I arrived to a design where SQLite databases would be synchronized by Kafka. Kafka is really robust, and has a friendly semantics when configured to be in-order delivery.

The catch is, you don't issue writes to SQLite anymore. You write Kafka messages, and have to prepare to resolve concurrency problems at read+write-to-db time. For example, user registration is not an atomic action anymore - you write a registration attempt message, and then it might race with a concurrent registration attempt from an other node (say due to retries and random load balancing).

You resolve the race in message-reception time (doable due to stable order on multiple reader nodes). I expect this would work nice, but needs you to rethink all actions that used to be synchronous db writes.

lifty · on April 2, 2022

There are more robust solutions out there for this architectural pattern. Look into dolt(dolthub) and noms.

stavros · on April 2, 2022

I love this. If it works, keep it until shortly before it stops working. The older I get the more love I have for simple solutions that are easy to work with (and change when you've grown out of them).

These days I wince when I hear of overcomplicated solutions for an MVP that "will scale" at a nebulous point in the future, while we're going to be paying the complexity penalty every day for a benefit that may never come.

norom · on April 1, 2022

I for one am enjoying this. Sure they could probably just use a regular ol' database, but where is the excitement in that!

mrkurt · on April 1, 2022

sqlite is, like, the regular-est of the databases.

isbvhodnvemrwvn · on April 2, 2022

Not quite, I got bitten by weak type system more than once.

dangoor · on April 2, 2022

Enough people have had this complaint that sqlite has added STRICT tables: https://www.sqlite.org/stricttables.html

isbvhodnvemrwvn · on April 2, 2022

Oh, finally! I haven't heard about it. Thank you!

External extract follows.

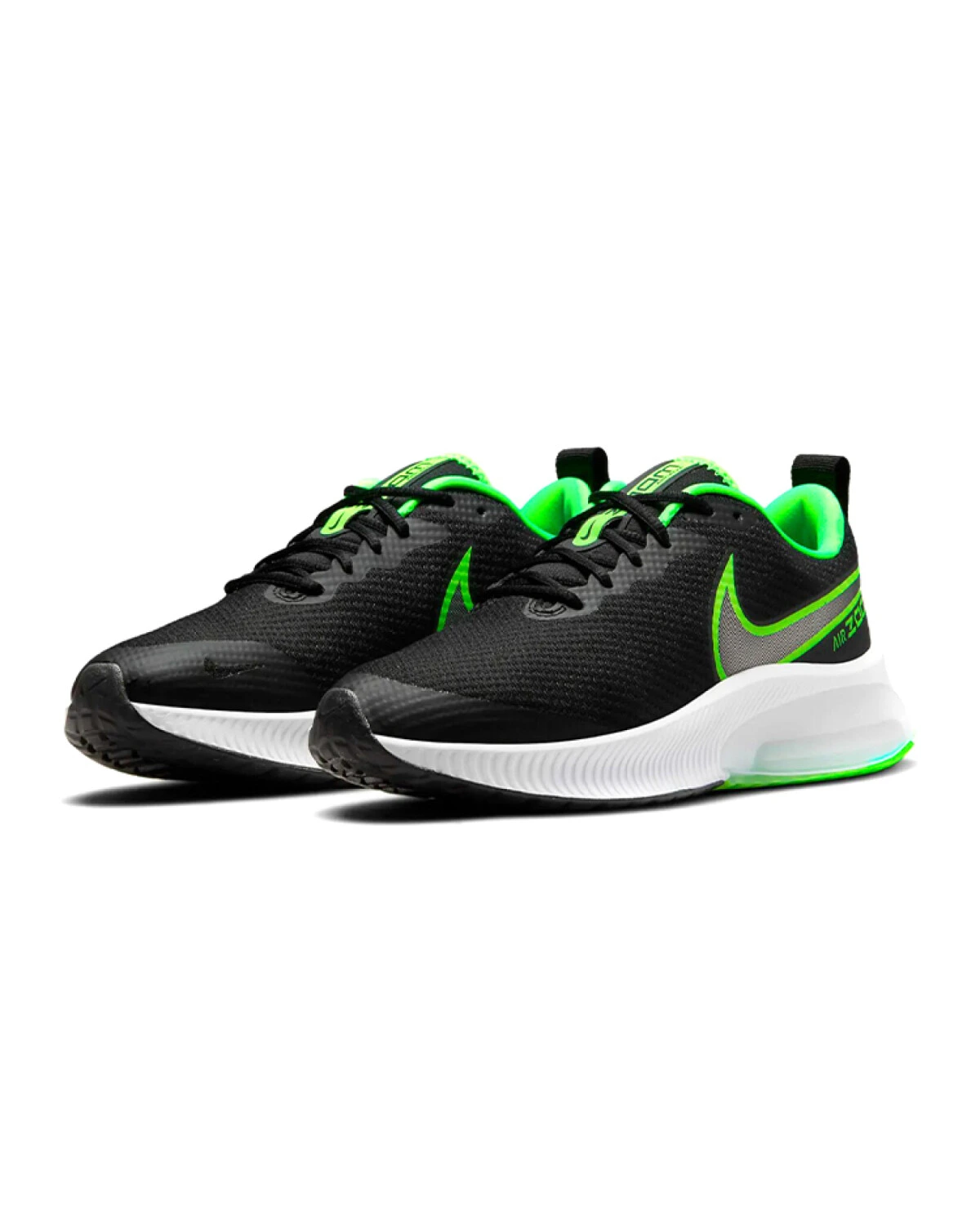 Nike Air Zoom Arcadia детские кроссовки для бега черно-зеленые картинка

mekster · on April 2, 2022

Funny in here, people praise SQLite but dismiss MySQL when it's tiny bit off the SQL standard and people complain how PHP converts values with best effort guess on different types but not when SQLite does that too.

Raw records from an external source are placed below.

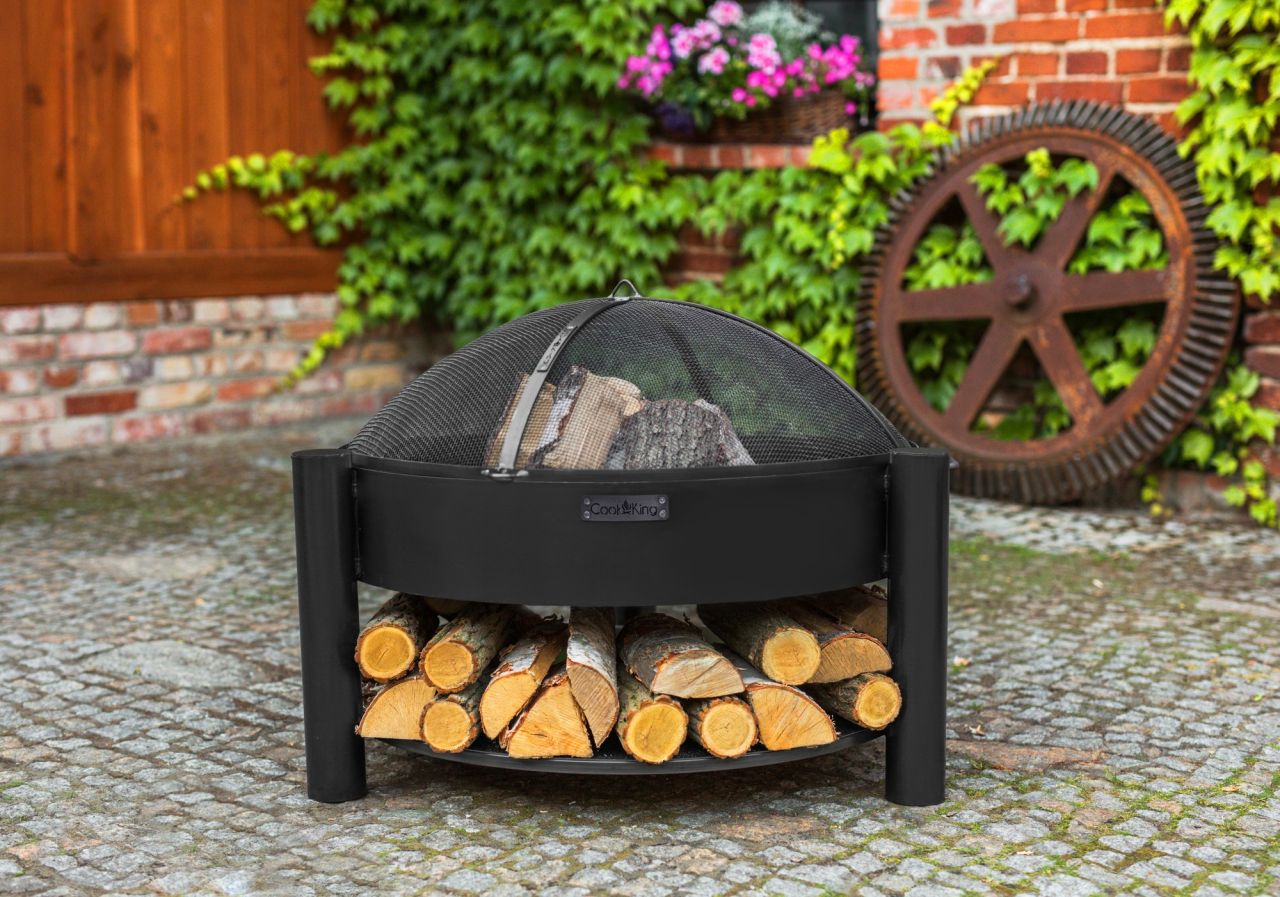 Feuerschale mit Funkenschutz - Feuerkorb Grillfeuer Feuerstelle - Ø 70 / Stahl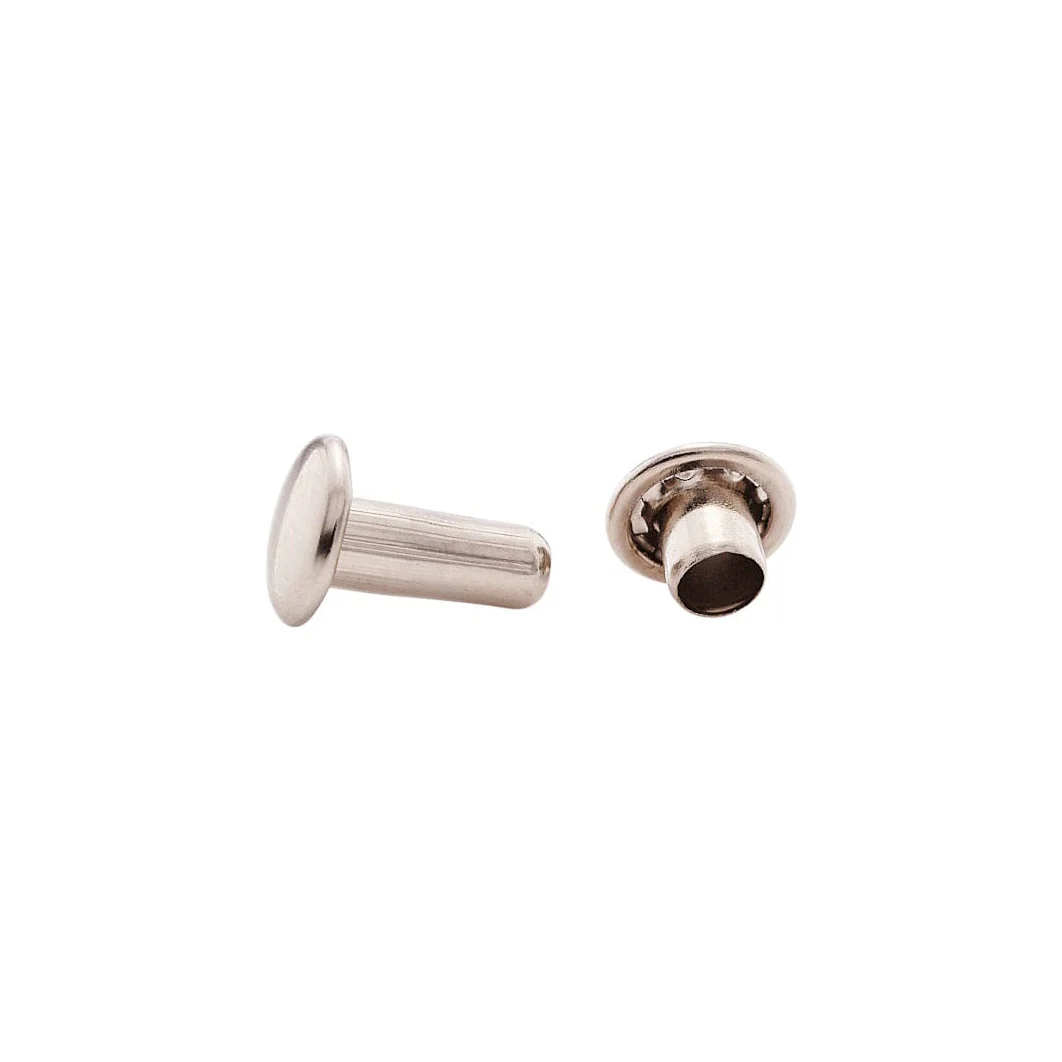 9mm Nickel, Double Cap Jiffy Rivets, Solid Brass-100ct - Image 2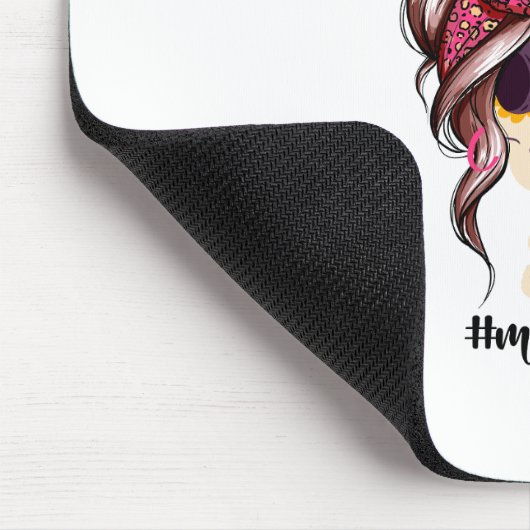 Tote müde Mama Leben Skeleton Messy Bun Bandana Mousepad (Ecke)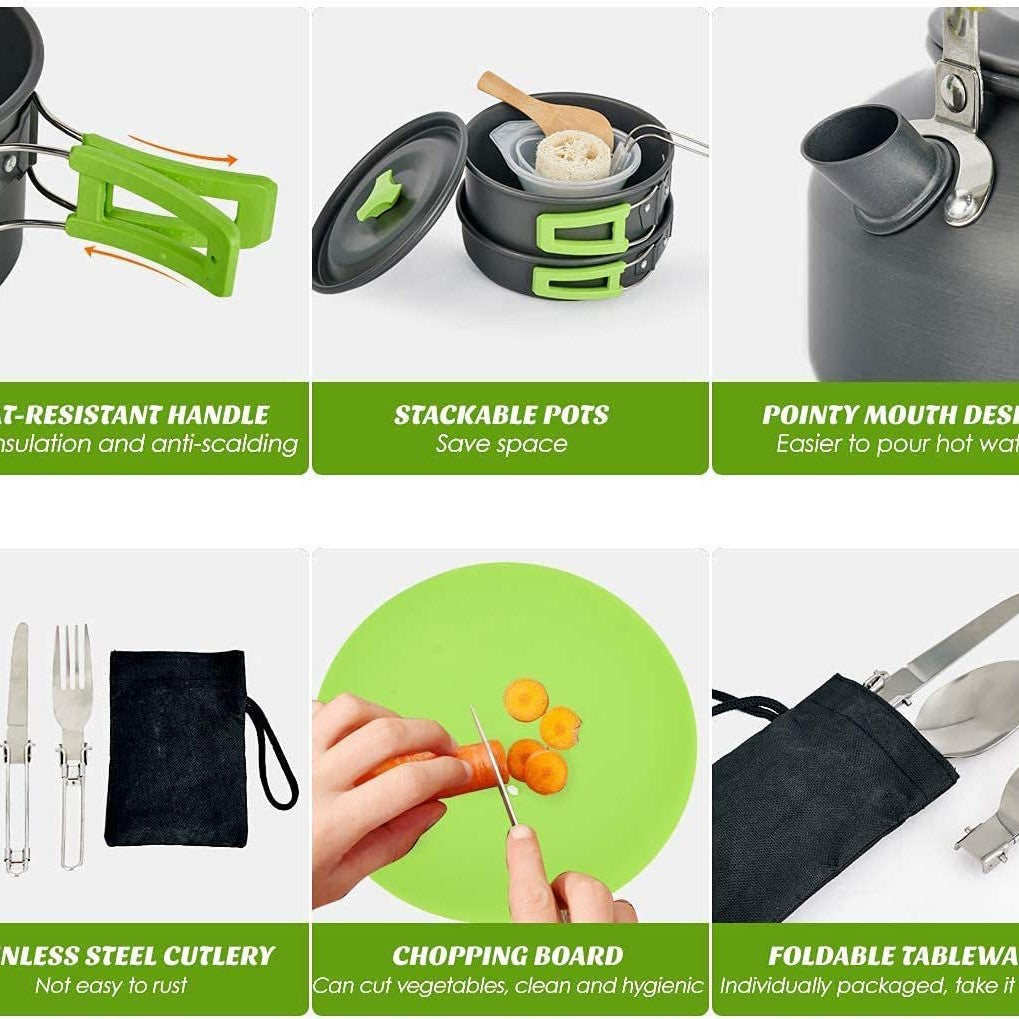 lightweight non-stick camping cookware set with folding handles kettle pot pan utensils and mesh carry bag Kalsten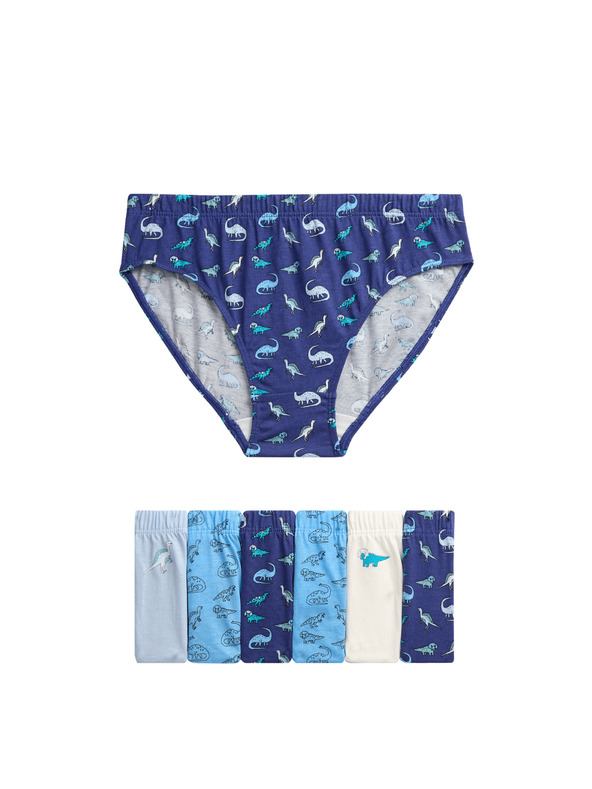 Marks & Spencer Бикини от чист памук с мотив динозаври, 7 бр. в опаковка (2–8 години) Marks & Spencer многоцветна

Don't know why anyone would use SQLite in production except for as some KV store embedded in an app.

tptacek · on April 2, 2022

Because an SQL engine that defers control over connections, concurrency, storage, and process management to users is extremely valuable for multiple reasons, including simple cases like caches where you'd ordinarily just store things in flat files or BerkleyDB-style database, and complex cases like distributed statekeeping where existing SQL databases aren't going to do anything close to the right thing for your application, but you also don't want to reinvent SQL and query planning and write-ahead-logs to build your complex database.

The vibe I get from this thread is that a lot of people have only experienced SQLite from the vantage point of something like Rails running in a "test" environment, and are used to explaining to people on some PHPbb somewhere that you can't really use SQLite to back a multiuser SAAS app. That's as may be, but when you're building infra components, you control who the "users" are; not everything is a web server taking requests from all comers.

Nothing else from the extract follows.